**What you have to do**
Reproduce everything from the line that contains "Светильник светодиодный встраиваемый" down to the line that contains "Wood Smoker Chips" in the listing below, word for word and nothing more. Leave the pictures out.

**Records for this task**
------

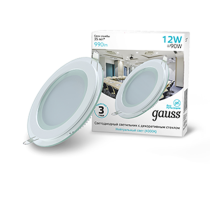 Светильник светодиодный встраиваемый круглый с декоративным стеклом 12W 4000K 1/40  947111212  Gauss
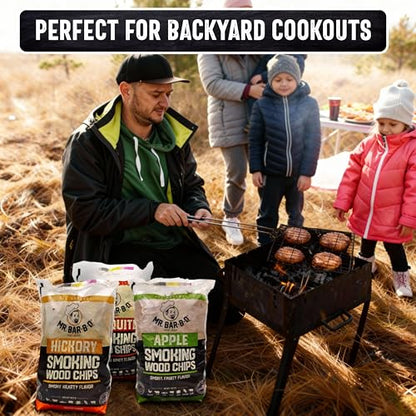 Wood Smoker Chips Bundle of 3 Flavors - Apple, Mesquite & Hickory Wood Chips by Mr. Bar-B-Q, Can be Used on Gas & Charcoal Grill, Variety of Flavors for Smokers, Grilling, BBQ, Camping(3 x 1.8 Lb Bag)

------

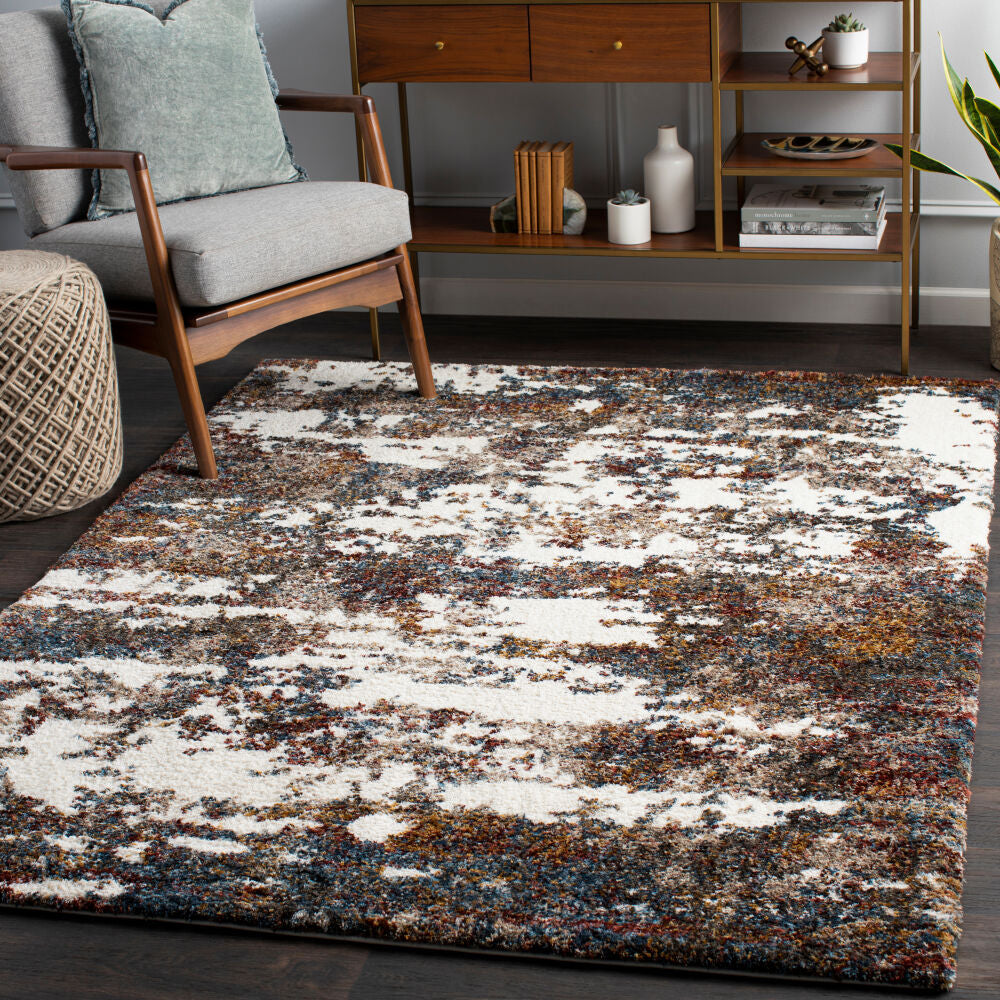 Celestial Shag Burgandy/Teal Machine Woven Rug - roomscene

------

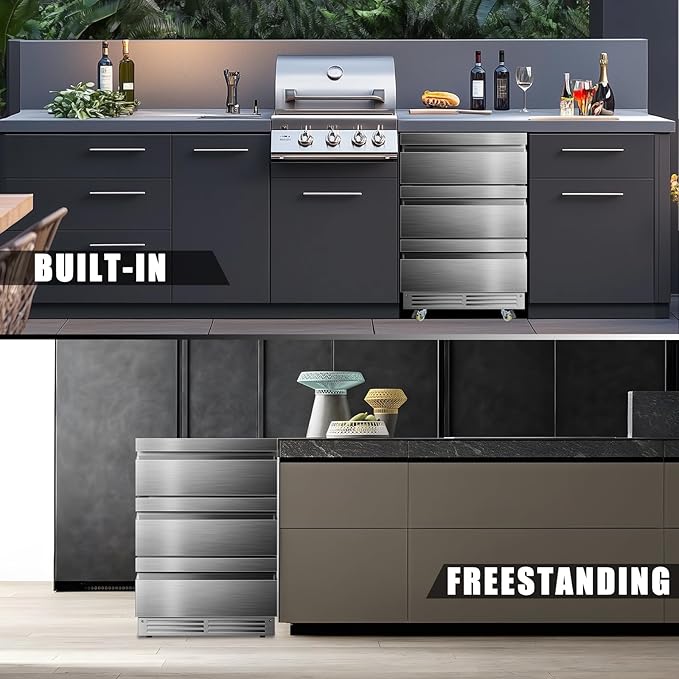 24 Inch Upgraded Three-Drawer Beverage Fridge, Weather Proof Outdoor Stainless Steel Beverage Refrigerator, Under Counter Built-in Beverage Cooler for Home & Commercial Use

------

**Exercise result**
 Светильник светодиодный встраиваемый круглый с декоративным стеклом 12W 4000K 1/40  947111212  Gauss
 Wood Smoker Chips Bundle of 3 Flavors - Apple, Mesquite & Hickory Wood Chips by Mr. Bar-B-Q, Can be Used on Gas & Charcoal Grill, Variety of Flavors for Smokers, Grilling, BBQ, Camping(3 x 1.8 Lb Bag)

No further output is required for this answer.